Perché questo dico è così importante per la musica italiana?

«Perché si tratta di un concept album, ovvero un disco con un unico concetto che lega tutte le canzoni. Fino ad allora gli album erano composti dai singoli, i famosi 45 giri, brani diversi l’uno dall’altro con nessun nesso tra di loro. Noi siamo stati i primi in Italia a creare un filo conduttore tra tutte le canzoni del disco, in questo caso il tema del viaggio, durante il quale incontravamo personaggi che via via diventavano protagonisti delle canzoni. Ci ispirammo al “Sgt. Pepper’s Lonely Hearts Club Band” dei Beatles, uscito un anno prima».

 

Ci racconta un aneddoto del suo rapporto con Faber?

«Un giorno gli chiesi di scrivermi una canzone per Sanremo. Era scettico, mi rispose che lui al Festival non ci sarebbe mai andato, però il testo lo fece e lo firmò con uno pseudonimo. La canzone si chiamava “Faccia di Cane” e nel 1985 vinse il premio della critica come miglior testo della manifestazione, senza  che nessuno sapesse che a scriverla fosse stato Fabrizio De Andrè».

 

Tra i tanti momenti vissuti con i New Trolls, l’incontro con il compositore Luis Bacalov è forse il più importante. In che modo cambiò le vostre vite?

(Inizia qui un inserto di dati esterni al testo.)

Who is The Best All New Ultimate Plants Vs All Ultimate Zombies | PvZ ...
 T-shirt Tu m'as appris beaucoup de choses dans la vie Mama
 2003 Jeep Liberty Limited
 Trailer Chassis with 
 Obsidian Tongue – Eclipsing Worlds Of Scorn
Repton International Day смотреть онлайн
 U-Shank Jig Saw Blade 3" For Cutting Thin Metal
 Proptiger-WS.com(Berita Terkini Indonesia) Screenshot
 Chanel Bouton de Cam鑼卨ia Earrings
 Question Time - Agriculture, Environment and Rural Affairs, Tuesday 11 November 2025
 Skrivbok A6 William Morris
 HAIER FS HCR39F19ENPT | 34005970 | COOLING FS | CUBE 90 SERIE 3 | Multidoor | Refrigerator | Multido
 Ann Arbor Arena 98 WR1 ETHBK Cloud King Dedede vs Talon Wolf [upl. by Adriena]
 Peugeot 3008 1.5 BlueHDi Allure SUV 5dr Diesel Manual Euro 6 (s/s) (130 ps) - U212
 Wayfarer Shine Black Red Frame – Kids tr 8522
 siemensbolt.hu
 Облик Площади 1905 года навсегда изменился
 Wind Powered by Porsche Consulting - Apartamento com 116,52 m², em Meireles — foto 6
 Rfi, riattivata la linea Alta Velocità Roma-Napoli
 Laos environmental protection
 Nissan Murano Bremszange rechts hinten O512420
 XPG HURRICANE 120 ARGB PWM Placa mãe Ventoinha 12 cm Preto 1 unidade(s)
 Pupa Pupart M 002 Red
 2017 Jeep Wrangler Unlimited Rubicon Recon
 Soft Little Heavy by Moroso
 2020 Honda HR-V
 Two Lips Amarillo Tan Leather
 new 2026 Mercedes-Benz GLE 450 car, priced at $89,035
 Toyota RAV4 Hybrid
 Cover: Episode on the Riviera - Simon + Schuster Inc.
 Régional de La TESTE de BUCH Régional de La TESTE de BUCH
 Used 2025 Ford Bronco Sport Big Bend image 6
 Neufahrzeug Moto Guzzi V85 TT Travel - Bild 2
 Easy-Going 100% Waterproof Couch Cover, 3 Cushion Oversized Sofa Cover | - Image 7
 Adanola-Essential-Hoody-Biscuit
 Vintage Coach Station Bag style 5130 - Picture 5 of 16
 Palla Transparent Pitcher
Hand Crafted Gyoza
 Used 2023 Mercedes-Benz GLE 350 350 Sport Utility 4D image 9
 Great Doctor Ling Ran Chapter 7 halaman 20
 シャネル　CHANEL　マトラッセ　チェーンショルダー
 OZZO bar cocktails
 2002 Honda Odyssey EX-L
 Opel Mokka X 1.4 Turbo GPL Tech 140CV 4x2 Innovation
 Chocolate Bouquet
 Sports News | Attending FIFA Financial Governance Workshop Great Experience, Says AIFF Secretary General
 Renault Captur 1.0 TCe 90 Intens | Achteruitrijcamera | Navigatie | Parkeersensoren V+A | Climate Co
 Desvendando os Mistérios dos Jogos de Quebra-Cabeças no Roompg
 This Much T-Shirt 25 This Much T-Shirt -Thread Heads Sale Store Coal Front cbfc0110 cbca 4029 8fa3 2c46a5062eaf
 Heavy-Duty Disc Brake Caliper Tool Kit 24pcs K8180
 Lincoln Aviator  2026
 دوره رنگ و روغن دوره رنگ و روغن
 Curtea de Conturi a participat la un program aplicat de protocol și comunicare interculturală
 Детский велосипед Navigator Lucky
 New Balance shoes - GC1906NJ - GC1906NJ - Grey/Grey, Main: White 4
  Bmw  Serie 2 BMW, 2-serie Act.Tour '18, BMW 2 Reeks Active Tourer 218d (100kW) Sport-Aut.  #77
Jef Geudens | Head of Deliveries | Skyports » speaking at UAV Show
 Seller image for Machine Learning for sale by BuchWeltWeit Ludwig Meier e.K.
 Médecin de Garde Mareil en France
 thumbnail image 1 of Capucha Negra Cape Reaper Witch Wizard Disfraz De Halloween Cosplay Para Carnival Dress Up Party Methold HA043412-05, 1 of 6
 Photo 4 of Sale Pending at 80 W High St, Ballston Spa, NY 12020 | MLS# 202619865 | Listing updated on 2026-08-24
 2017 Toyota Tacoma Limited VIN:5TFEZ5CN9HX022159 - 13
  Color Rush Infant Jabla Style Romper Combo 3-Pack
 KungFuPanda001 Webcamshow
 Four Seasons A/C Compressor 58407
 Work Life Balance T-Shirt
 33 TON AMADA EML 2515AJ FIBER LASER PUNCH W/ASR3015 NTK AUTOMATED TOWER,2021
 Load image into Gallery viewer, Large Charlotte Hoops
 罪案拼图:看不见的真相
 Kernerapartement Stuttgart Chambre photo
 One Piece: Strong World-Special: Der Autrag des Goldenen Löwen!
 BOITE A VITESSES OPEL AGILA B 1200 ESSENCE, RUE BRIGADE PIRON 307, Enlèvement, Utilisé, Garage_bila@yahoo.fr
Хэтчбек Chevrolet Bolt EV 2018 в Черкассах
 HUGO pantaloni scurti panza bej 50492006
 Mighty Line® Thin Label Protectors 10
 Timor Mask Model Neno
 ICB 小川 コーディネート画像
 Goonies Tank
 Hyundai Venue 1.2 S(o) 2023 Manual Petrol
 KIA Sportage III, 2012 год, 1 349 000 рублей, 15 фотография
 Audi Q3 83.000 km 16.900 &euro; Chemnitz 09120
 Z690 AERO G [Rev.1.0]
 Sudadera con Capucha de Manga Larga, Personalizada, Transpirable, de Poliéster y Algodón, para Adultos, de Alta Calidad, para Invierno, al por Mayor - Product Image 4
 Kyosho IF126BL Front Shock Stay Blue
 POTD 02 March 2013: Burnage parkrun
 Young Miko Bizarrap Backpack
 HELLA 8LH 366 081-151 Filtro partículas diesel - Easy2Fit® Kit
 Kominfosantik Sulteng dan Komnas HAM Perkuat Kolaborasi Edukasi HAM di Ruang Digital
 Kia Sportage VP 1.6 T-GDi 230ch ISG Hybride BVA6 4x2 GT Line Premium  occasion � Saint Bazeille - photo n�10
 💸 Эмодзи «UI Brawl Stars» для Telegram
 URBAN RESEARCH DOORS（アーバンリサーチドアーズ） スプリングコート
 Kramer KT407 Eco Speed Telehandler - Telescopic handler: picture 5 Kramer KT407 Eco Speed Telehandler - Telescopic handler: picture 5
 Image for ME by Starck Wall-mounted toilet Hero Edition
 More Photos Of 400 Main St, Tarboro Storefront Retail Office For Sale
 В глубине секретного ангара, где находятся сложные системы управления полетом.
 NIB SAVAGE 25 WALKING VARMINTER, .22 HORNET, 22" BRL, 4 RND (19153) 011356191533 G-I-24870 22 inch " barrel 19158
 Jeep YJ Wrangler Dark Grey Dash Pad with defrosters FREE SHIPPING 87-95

«La collaborazione con Luis Bacalov è stata un vero e proprio punto di svolta. Il primo “Concerto Grosso” fu nel 1971 e univa due mondi apparentemente distanti come la musica barocca e il rock. Scrissi le musiche e i testi insieme a Bacalov e pubblicammo il nostro terzo disco “Concerto Grosso per i New Trolls”. Il successo della fusione fra rock e classica portò i New Trolls a esibirsi in tour mondiali, ai quali poi seguirono altri concerti grossi. Ancora oggi, a distanza di così tanti anni, questa formula mi fa girare il mondo: non vado in Giappone, Korea e Messico con “Quella Carezza della Sera”, ma con il “Concerto Grosso” ».

 

Quali altri ricordi custodisce degli anni trascorsi con i New Trolls?

«Ce ne sono tantissimi. Alla fine degli anni Settanta, durante il Festival di Sanremo, amavamo fermarci a suonare in un localino ai piedi del Casinò. Una sera arrivò un certo Stevie Wonder e si mise alla batteria a suonare insieme a noi: fu indimenticabile. Anche le esperienze al Festival sono bei ricordi, soprattutto quando nel 1996 partecipammo con Umberto Bindi con la canzone “Letti”».

 

In cinquant’anni di carriera ha anche inciso un disco in genovese e scritto canzoni per la sua squadra del cuore. Come è il suo rapporto con Genova e con i genovesi?

«Nutro per la mia città un immenso amore. Genova è la mia casa, il mio mare, la mia gente. È il mio dialetto, che sostengo e difendo con tutte le forze, da qui l’idea di incidere“Mandilli” interamente in genovese. Con i cittadini ho un rapporto splendido, ma con una parte di Genova, si sa, ho un legame ancora più speciale. La Sampdoria fa parte della mia vita da sempre, ancora oggi mi regala forti emozioni. Nel 1991 incisi un album di canzoni blucerchiate per festeggiare l’epoca d’oro, ancora oggi le sento cantare a squarciagola dai tifosi ogni domenica prima della partita. Sentire “Lettera da Amsterdam” intonata da uno stadio intero, anche dai più giovani, è per me una grande gioia. E poi rimane una delle canzoni d’amore più belle che abbia mai scritto».